1. Pete Seeger, Solidarity Forever

2. Sweet Honey in the Rock, More Than a Paycheck

3. The Clash, Career Opportunities

4. Tennessee Ernie Ford, Sixteen Tons

5. Judy Collins, Bread and Roses

6. Dolly Parton, 9 to 5

7. Woody Guthrie, Union Burying Ground

8. Phil Ochs, The Ballad of Joe Hill

9. Hazel Dickens, Fire in the Hole

10. Gil Scott-Heron, Three Miles Down

Bonus Track #1: The Kinks, Get Back in Line

Bonus Track #2: Paul Robeson, Joe Hill

SOLIDARITY FOREVER! By Ralph H. Chaplin (Tune: "John Brown's Body", "Battle Hymn of the Republic") Below are the four ‘main’ verses of the union song “Solidarity Forever”. Two other verses from the “original” have been deleted. These are the ones usually sung.
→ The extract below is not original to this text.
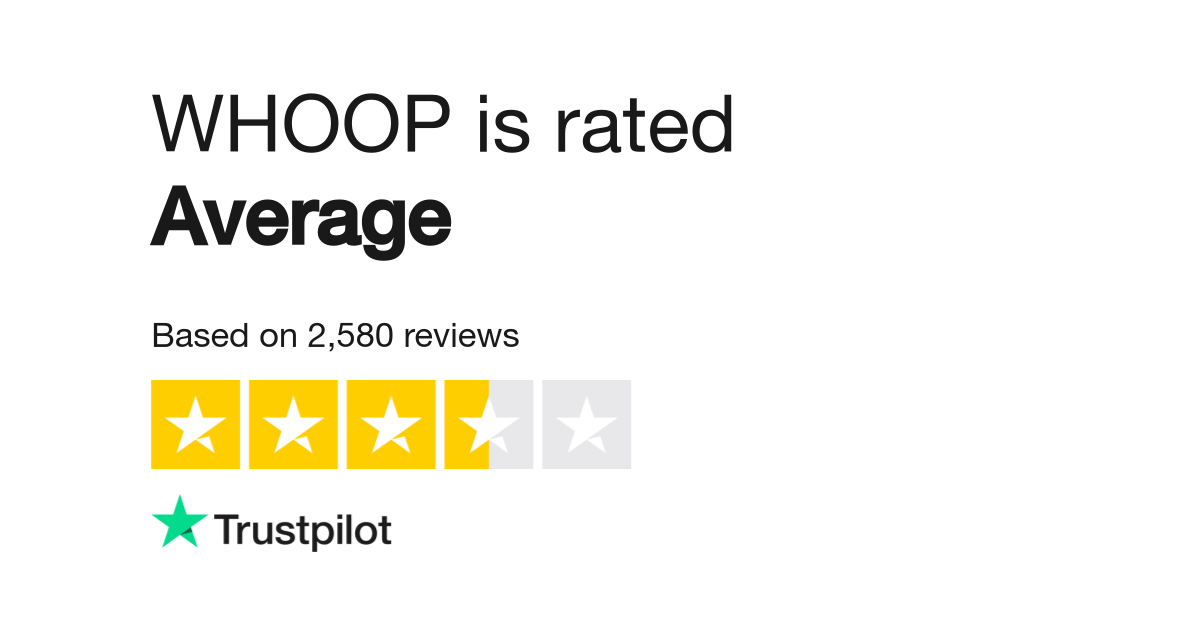 WHOOP Reviews Read Customer Service Reviews of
The original was first published in the IWW Little Red Song book.

When the Union's inspiration through the workers' blood shall run,/ There can be no power greater anywhere beneath the sun./ Yet what force on earth is weaker than the feeble strength of one?/ But the Union makes us strong.
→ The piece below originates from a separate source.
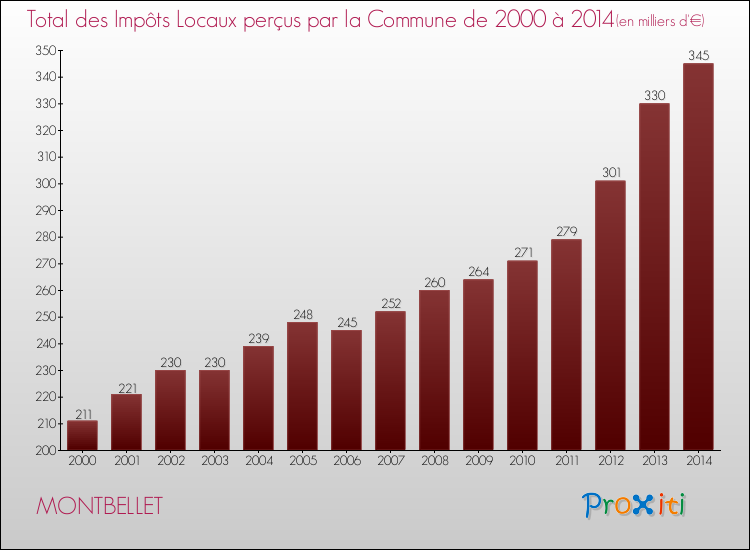 Evolution des Impôts Locaux pour la commune de MONTBELLET de 2000 à 2014 Evolution des Impôts Locaux pour MONTBELLET de 2000 à 2014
CHORUS Solidarity forever!/ Solidarity forever!/ Solidarity forever!/ But the Union makes us strong.

It is we who plowed the prairies; built the cities where they trade./ Dug the mines and built the workshops; endless miles of railroad laid./ Now we stand, outcast and starving, 'mid the wonders we have made;/ But the Union makes us strong. (Chorus)
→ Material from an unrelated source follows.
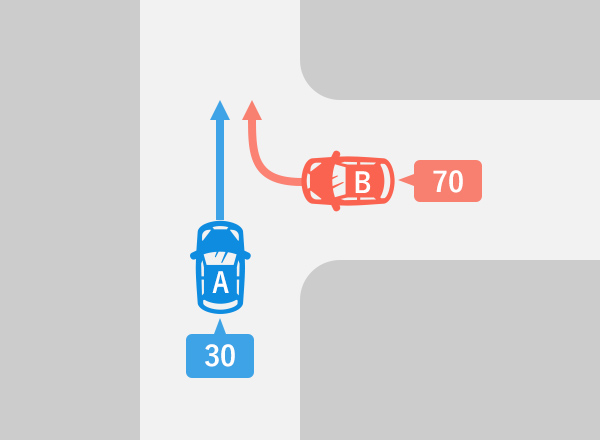 道幅が同程度のT字路で直進車Aと右左折車Bが衝突した場合、基本過失割合は「30：70」の図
They have taken untold millions that they never toiled to earn./ But without our brain and muscle not a single wheel can turn./ We can break their haughty power; gain our freedom when we learn/ That the Union makes us strong. (Chorus)

In our hands is placed a power greater than their hoarded gold;/ Greater than the might of armies, magnified a thousandfold./ We can bring to birth the new world from the ashes of the old,/ For the Union makes us strong. (Chorus)

There is too much to do this morning to finish this contribution with the lyrics to all the songs, but they are available, along with others not in this collection, and it's good people are singing them again, and remembering them.



Comments:

September 3, 2018 at 10:34 PM

By: Susan Ohanian

Labor Day Songs

Thanks for the songs, George!

Woody Guthrie wrote about Trump bigotry.

"Old Man Trump," ~1950

I suppose

Old Man Trump knows

Just how much

Racial Hate

He stirred up

In the bloodpot of human hearts

When he drawed

That color line

Here at his

Eighteen hundred family project

—Woody Guthrie, “Old Man Trump,” ~1950

September 6, 2018 at 1:03 AM

By: john kugler

just the working life

Factory by Bruce Springsteen

Early in the morning factory whistle blows

Man rises from bed and puts on his clothes

Man takes his lunch, walks out in the morning light

It's the working, the working, just the working life

Through the mansions of fear, through the mansions of pain

I see my daddy walking through them factory gates in the rain

Factory takes his hearing, factory gives him life

The working, the working, just the working life

End of the day, factory whistle cries

Men walk through these gates with death in their eyes

And you just better believe, boy

Somebody's gonna get hurt tonight

It's the working, the working, just the working life

Oh it's the working, the working, just the working life

Uh hmm hmm hmm hmm hmm

Uh hmm hmm hmm hmm hmm

Uh hmm hmm hmm hmm hmm

Uh hmm hmm hmm hmm hmm

(Darkness on the Edge of Town is the fourth studio album by Bruce Springsteen, released on June 2, 1978))

September 6, 2018 at 3:05 PM

By: John Whitfield

SONGS OF WORK AND PROTEST

www.youtube.com/playlist?list=PLA-J41eNMNp6jlFlBXIQpLoIjzGw8Avpn

September 17, 2018 at 5:06 PM

By: Rhonda McLeod

George is a hero

This is to say I and so many will miss George's voice and strength. His fight will continue and his family will be strong. Thanks for sharing the road with us.

September 17, 2018 at 10:15 PM

By: john

Has anybody here seen my old friend?

https://www.youtube.com/watch?v=f29_mQI9K6U&list=PLA-J41eNMNp6jlFlBXIQpLoIjzGw8Avpn

September 18, 2018 at 6:02 PM

By: Jean Schwab

George

In many ways George was God's servant calling out good and bad. We have so much to thank him for and hope that some day another person like him will appear.